Longitudinal study of disease severity and external factors in … – Nature.com

HomeCorona Virus VaccineLongitudinal study of disease severity and external factors in … – Nature.com
November 9, 2023

Study design and setting

This longitudinal study utilized a cohort of Indonesian post-COVID-19 patients recruited since September 2021 and extracted in January 2023. Participants with a history of COVID-19 were followed up for residual symptoms. We assessed cognitive function 6months after diagnosis and their first symptoms through an online submission system, and this platform was disseminated to the entire country through social media, health care providers, and survivor groups.

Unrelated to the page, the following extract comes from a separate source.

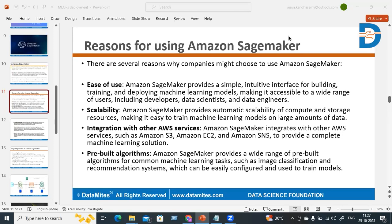In this video we are going to see about reasons for using Amazon SageMaker. First, ease of use: SageMaker provides a simple, intuitive interface for building, training, and deploying machine learning models, making it accessible to a wide range of users including developers, data scientists, and data engineers.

Subjects with previous COVID-19 infection (at least thirty days from the onset or diagnosis) were diagnosed using either Indonesian Food and Drug Administration-approved antigen test for the anterior nasal sample (sensitivity over 80%)11 or real-time polymerase chain reaction (RT-PCR) of the nasopharyngeal, nasal, or pooled samples12. These procedures were performed by trained staff, as the self-administered antigen test was not recognized during the study period. This study covered all types of patients, from asymptomatic to hospitalized. After the provision of consent given by the participants, a follow-up cognitive assessment was made, and those without responses of expected outcomes were omitted. Aside from having self-reported mental illness and stroke, there is no other exclusion or limit for those with specific morbidities, age, and digital literacy. Moreover, the snowball sampling approach recruited more individuals to this cohort.

Demographic characteristics, health behaviour, chronic diseases, and other comorbidities were the baseline information covered in the questionnaire. Additionally, this study recorded the latest COVID-19 episode, including date and diagnostic methods, duration of symptoms, type of medication, vaccination status, type of vaccine, and time between doses. Investigators also identified the date from vaccination to infection and the type of care received (home isolation, hospitalization, or both). These variables may interact with each other and affect the relationship between COVID-19 and cognitive failure.

This study cited the definition of cognitive failure as a cognitive mistake made while performing a task that a person would typically complete successfully in daily life. Problems with memory, perception, and focus are signs of cognitive failure13.

This study measured the cognitive failure 6months after the COVID-19 infection. Investigators implemented the assessment using a questionnaire that is in proximity to clinical cognitive assessment, the Cognitive Failures Questionnaire (CFQ)(14), consisting of 25 5-Likert scale questions. The responses range from 0 to 4, where a higher number indicates frequent cognitive failure events. The Indonesian version of this questionnaire was derived from a study with a Cronbach alpha value of 0.94214. Furthermore, one study disclosed three domains in the questionnaire which are forgetfulness (related to something known or planned), distractibility (alteration of attention and focus), and false triggering15.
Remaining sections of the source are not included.